**SOURCE MATERIAL:**
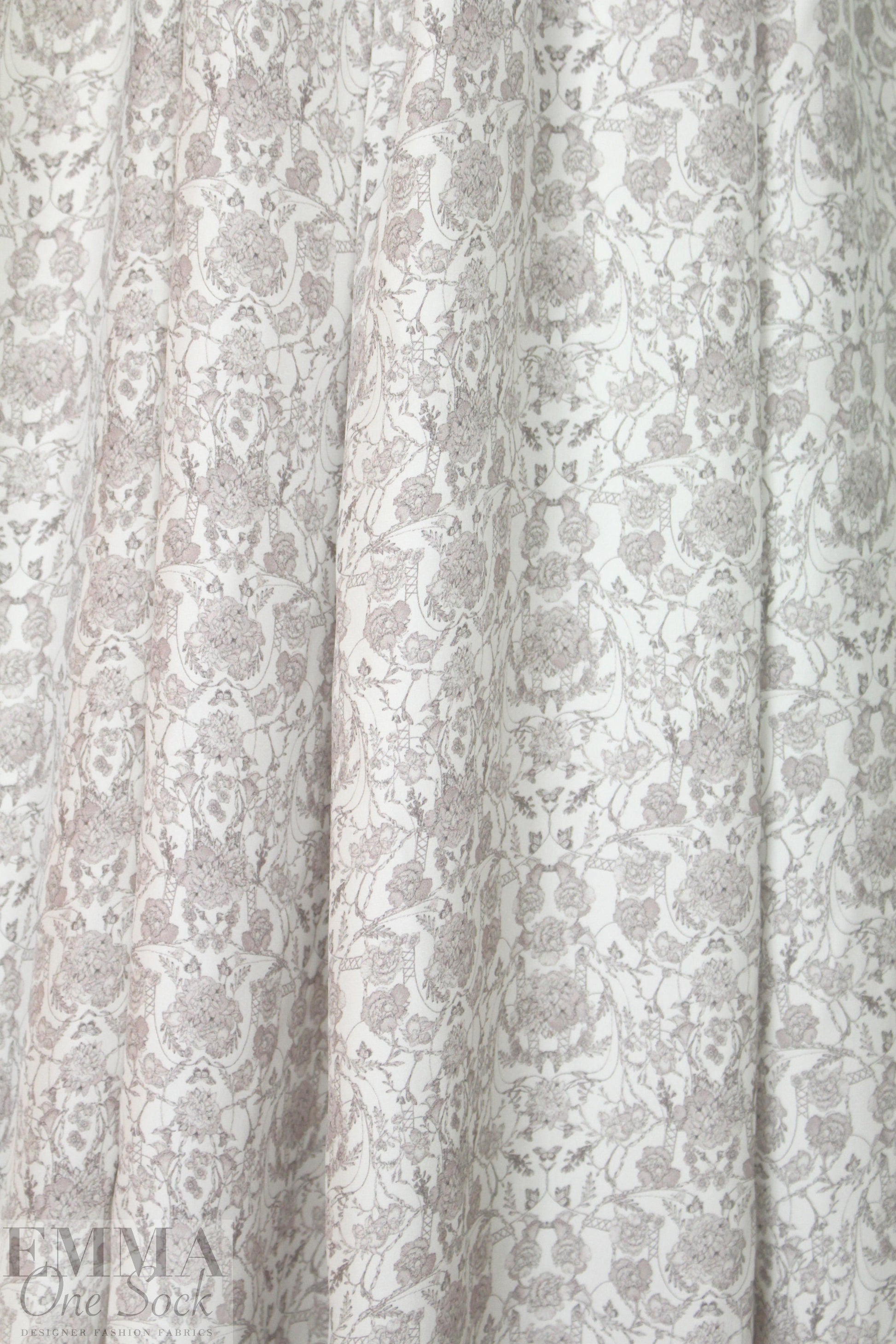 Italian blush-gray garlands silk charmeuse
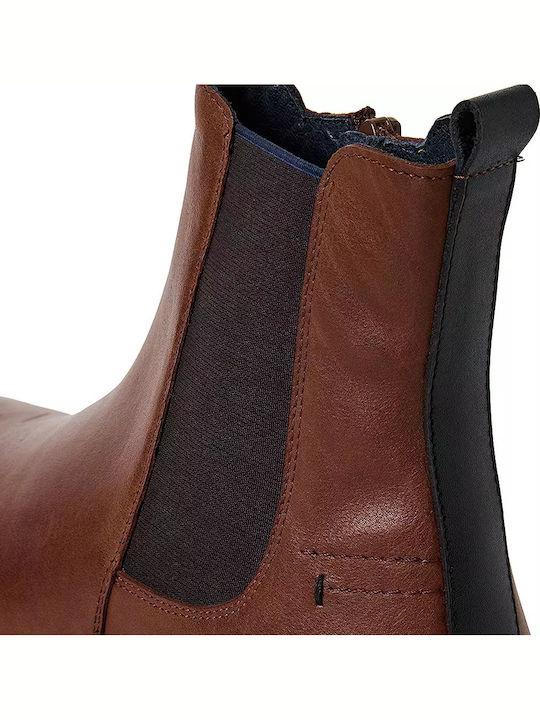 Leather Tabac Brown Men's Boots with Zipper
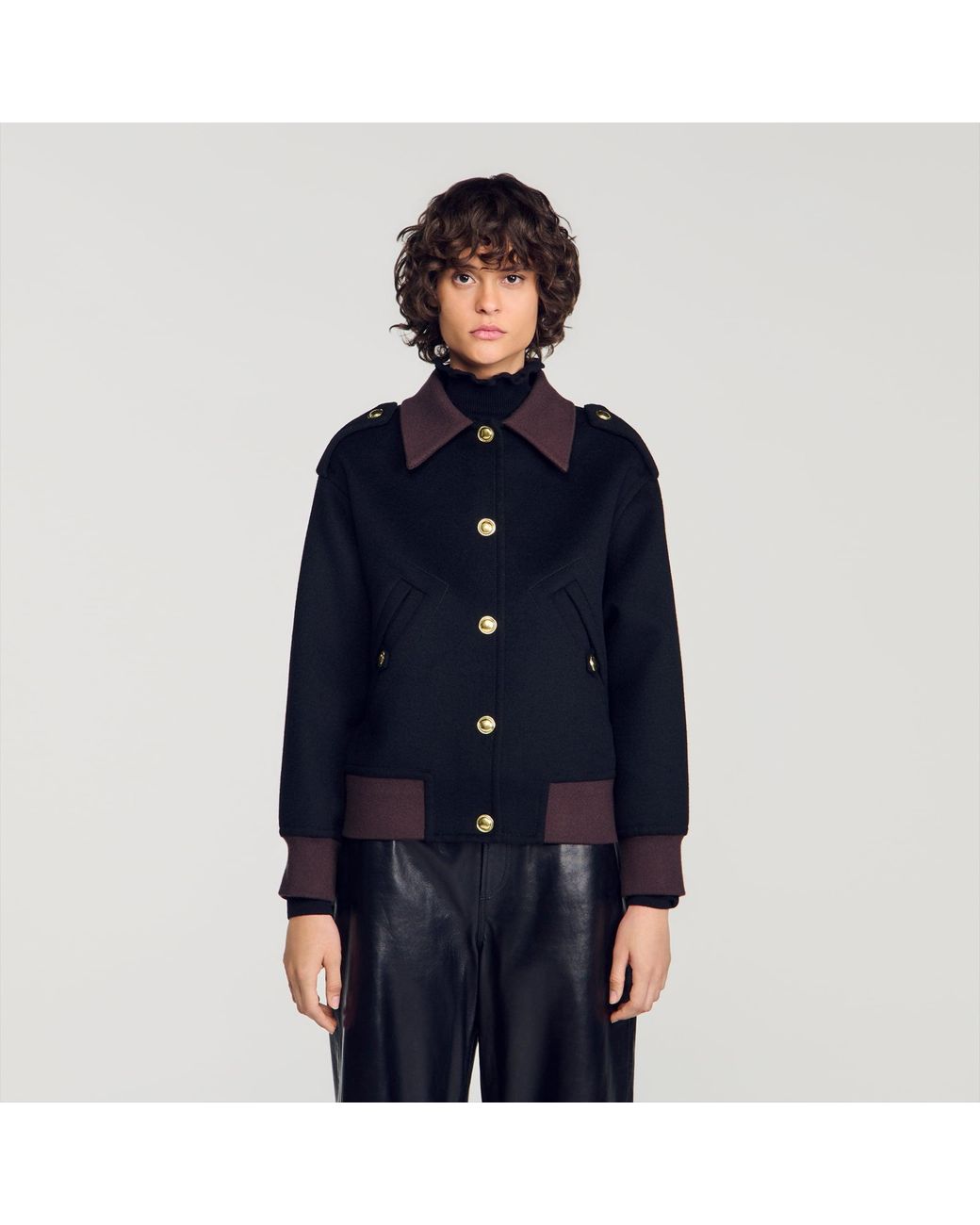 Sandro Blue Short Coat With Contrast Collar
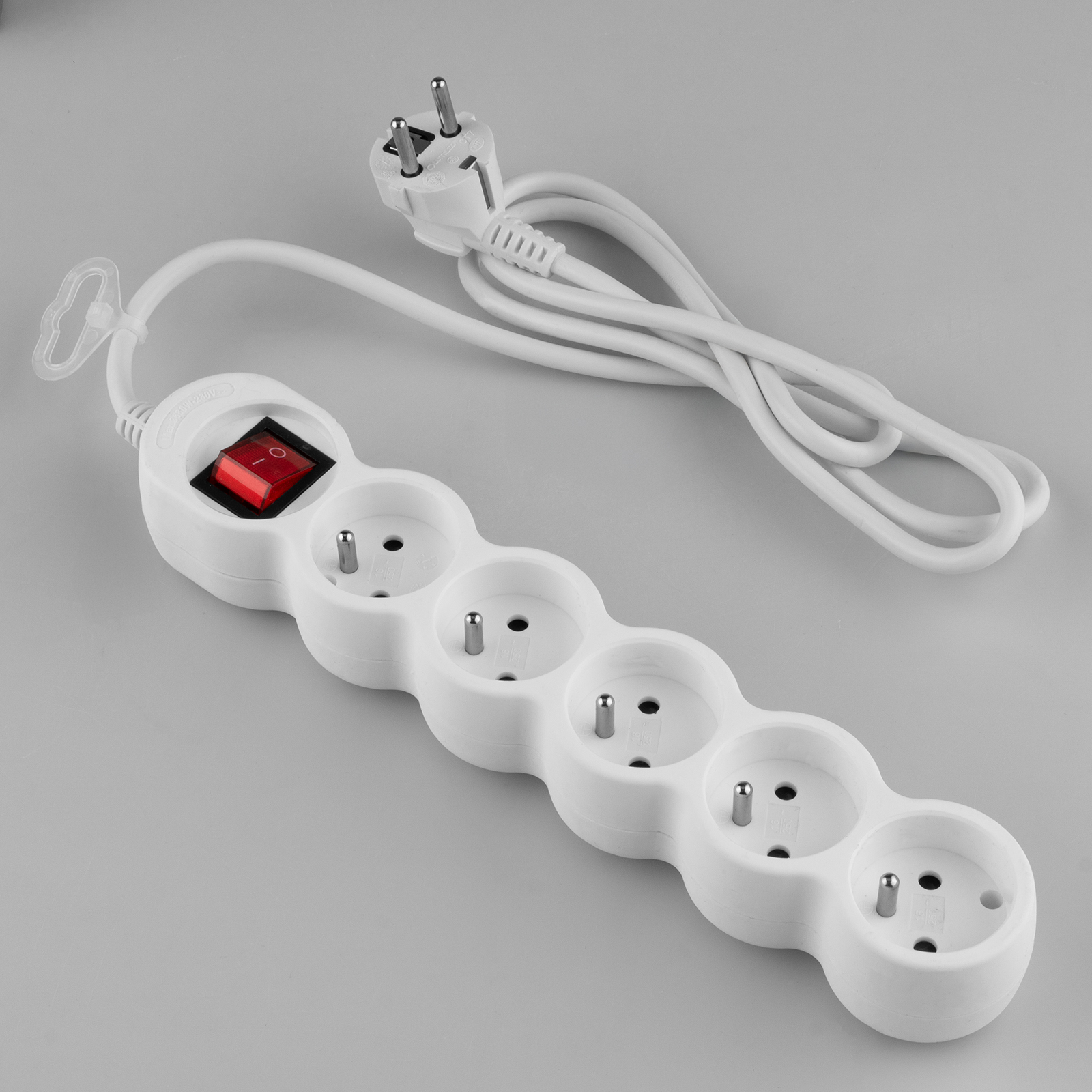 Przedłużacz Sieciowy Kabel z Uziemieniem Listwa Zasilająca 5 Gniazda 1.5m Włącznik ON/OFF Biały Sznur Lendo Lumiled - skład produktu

**PROBLEM TO SOLVE:** Quote the listing above in full, except for the pictures.

**SOLUTION:**
 Italian blush-gray garlands silk charmeuse
 Leather Tabac Brown Men's Boots with Zipper
 Sandro Blue Short Coat With Contrast Collar
 Przedłużacz Sieciowy Kabel z Uziemieniem Listwa Zasilająca 5 Gniazda 1.5m Włącznik ON/OFF Biały Sznur Lendo Lumiled - skład produktu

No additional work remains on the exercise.